We are now six months into the failed Auto Bailout Era. Looking at the industry's four biggest companies, it has become clear that Ford is on the rise, General Motors continues to slip badly, Chrysler is fading into minor-player status, and Toyota's ongoing struggles continue. 

In May, after April's sales results came out, two Associated Press writers noted Ford's ascendancy and uniquely hinted at its likely basis:

Detroit’s Big Three is becoming Ford and the other two.

While its rivals stay afloat with billions in government aid, Ford grabbed a bigger slice of the American car market in April .....

..... Most of ..... (Ford's) gains came at the expense of General Motors and Chrysler, which unlike Ford are dependent on federal help.

Other than that, there has been virtually no press recognition of what has to be seen as the most likely reason for the shift: Enough consumers to matter are continuing to shun the unsuccessfully bailed-out.

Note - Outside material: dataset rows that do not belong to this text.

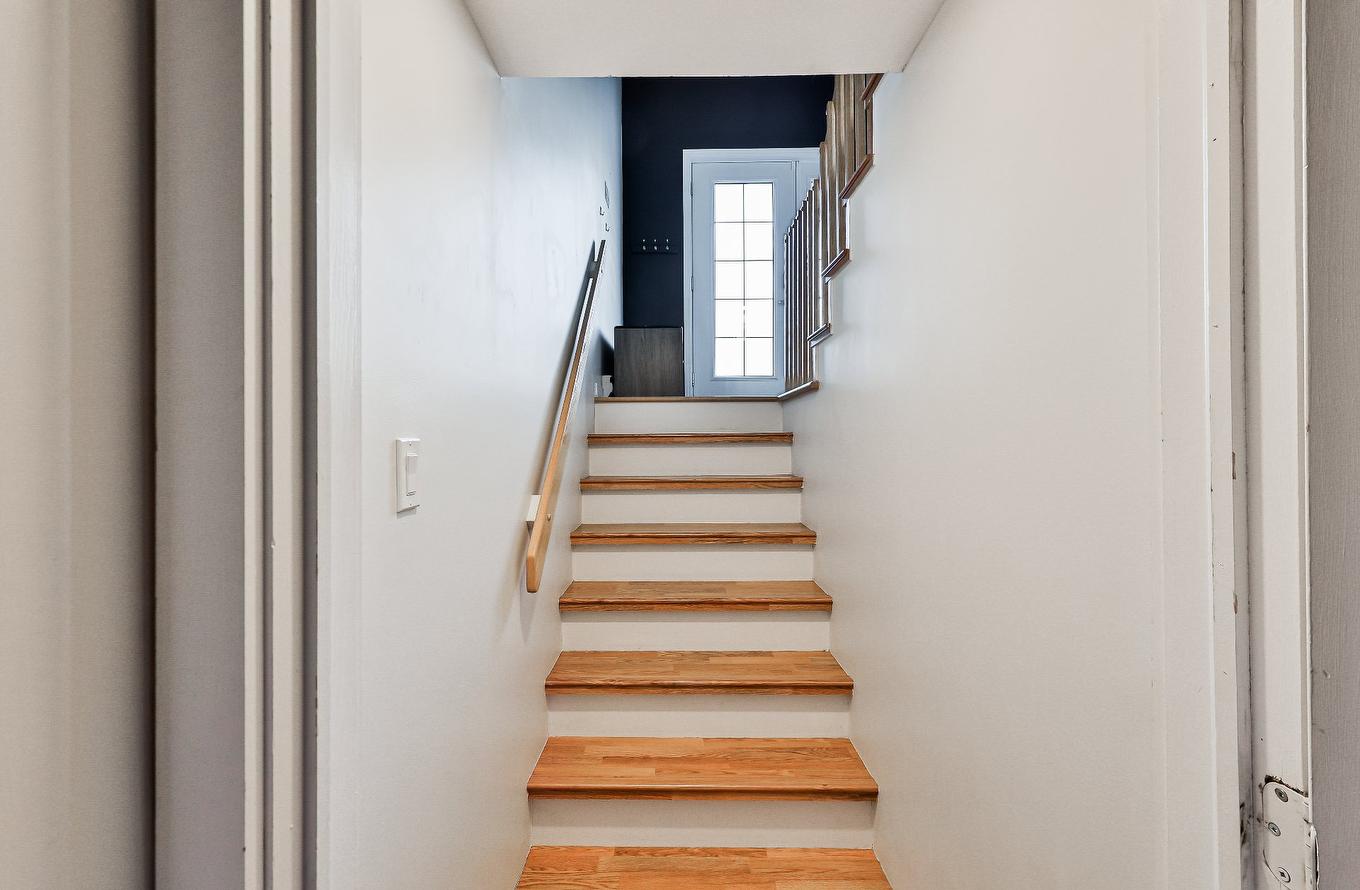 Escalier - 10350 Rue Du Sauvignon, Mirabel, QC - Indoor Photo Showing Other Room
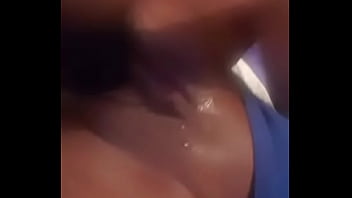 Preview 2 of Bbw Hus9 - Otro de mi amiga venezolana masturbandoce squirt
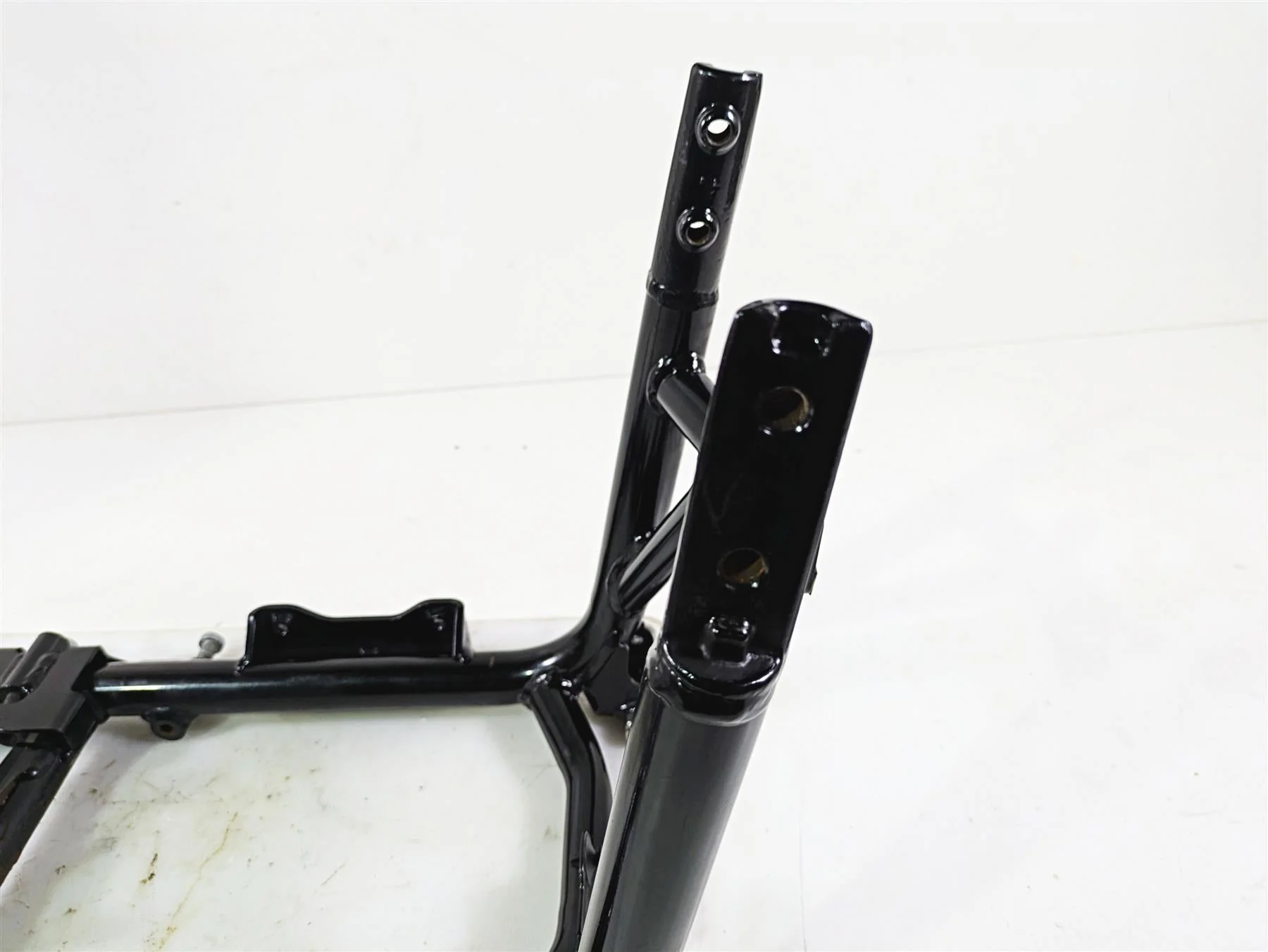2014 Moto Guzzi California 1400 Touring Lower Frame Rail Section 886837 - Image 9
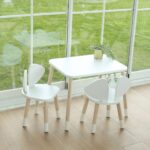 Chaise enfant en forme de chien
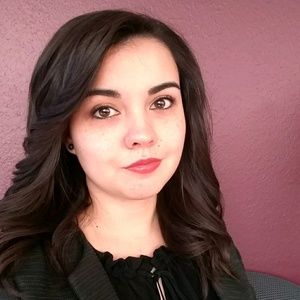 Meet your Posher, Elizabeth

In an industry where rivals have traditionally fought tooth and nail to pick up a point or two of market share in a full year, the changes in the industry landscape in the six months since Washington began its failed attempts to bail out now-bankrupt GM and just-emerged, absorbed-by-Fiat Chrysler have been stunning, as seen below in this comparison of the industry's Big Four:

VehicleSalesOfBig4June07toJune09

(Source Data: Wall Street Journal monthly Auto Sales Chart for June 2009 and June 2008; USA Today for Dec. 2008 and Dec. 2007; Web-Archived WSJ Auto Sales Chart for June 2007)

Here's what the graphic and the accompanying numbers show:

  • GM, for all its considerable cost problems and in spite of steep sales declines, actually improved its market position relative to its three largest competitors from June 2007 through December 2008. That improvement ended and went sharply into reverse when the government began its failed bailout effort, putting the company back to where it was two years ago and trending in the wrong direction.
  • During most of 2006, all of 2007, and early 2008, Ford's share of Big 4 unit sales suffered. The company was in the midst of pretending to ignore what I have called "the biggest boycott never reported" by a pro-family group. That boycott began in March 2006, and ended in March 2008. After that and until the end of 2008, Ford's situation relative to the other three companies improved a bit. But in the six months since failed bailout money has freely flowed to GM and Chrysler, Ford has cut GM's Big 4 market share lead from almost 14 points to a mere 5.
  • Chrysler, which was sold to a private equity group in March 2007, and suffered terribly at the hands of Bob Nardelli, whose stated mission was to cut costs and dress the company up for sale. With the help of high gas prices in early 2008, he only succeeded in making the company look unappealing. In the last half of 2008, the hemorrhaging of the company's market share at least slowed down. But the decay accelerated again once government's bailout money began to flow. Chrysler is less than 40% of the company it was just two years ago.
  • Toyota began having problems of its own in mid-2008 -- its market share loss during the second half of the year appears to have been GM's gain -- until the bailout money began to flow. Toyota still has significant challenges. But while it has seen Ford reclaim second place among U.S. sellers, it has gained overall Big 4 market share thanks to GM's and Chrysler's steep declines.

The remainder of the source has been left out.